You only pay tax on the interest you earn
When we talk about tax paid on your savings, we’re talking about the interest, not the savings themselves. This may seem obvious, but it’s worth being clear: the tax office won’t make a claim on the money that you’ve stashed away, just the earnings that you make on top.
Your first £1,000 of interest is tax free
Everyone in the UK has a personal savings allowance of £1,000. This means that the first £1,000 of interest you earn is not eligible to be taxed. It effectively means that most average savers in the UK won’t need to pay tax on their savings, especially with interest rates as low as they are currently.
As an illustration, £20,000 earning a relatively generous 2% interest rate would net you £400 over the course of the year. Average savings vary depending on who’s doing the calculation, but don’t typically go higher than this.
For higher rate tax payers, this allowance reduces to £500.
If you’re on a low income, your tax-free allowance is higher
Those earning under £17,500 are also eligible for what’s known as the savings ‘starting rate’. If you earn under £12,500, your starting rate will be £5,000, meaning that you can earn 5,000 in interest without paying tax. The starting rate decreases by one pound for every pound you earn above the £12,500 threshold.
If this all sounds complex then don’t worry. The bottom line is that you’re unlikely to pay tax on your savings when you’re on a low income unless you have an exceptionally high savings balance.
Money in an ISA is exempt from tax
Every year, you can save up to £20,000 in a cash ISA, or invest it in a stocks and shares ISA. This money is not taxable, so any interest that you earn is yours to keep.
The amount of tax that you pay is determined by your income
If you do end up with savings interest that takes you over the tax threshold, you’ll pay 20% in tax as a basic rate taxpayer or 40% at the higher rate. For those on the additional rate, it goes up to 45%.

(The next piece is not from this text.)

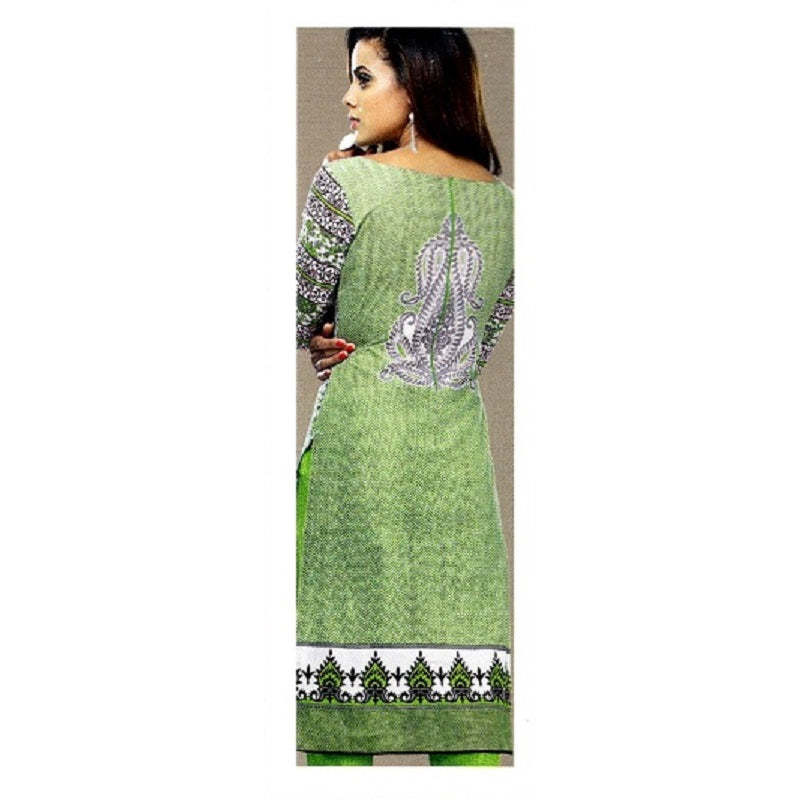 MAHATI Green   cotton  Salwar suits (Size M)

Get advice if you’re unsure
The information laid out above shows that most of us don’t need to worry about paying tax on our savings. However suddenly coming into some money – perhaps from inheritance, or a competition win – could change that. In that case, we would recommend speaking to a professional who can advise on your individual circumstances. That might include making suggestions on where to store your money and how to invest it as well as what tax to pay.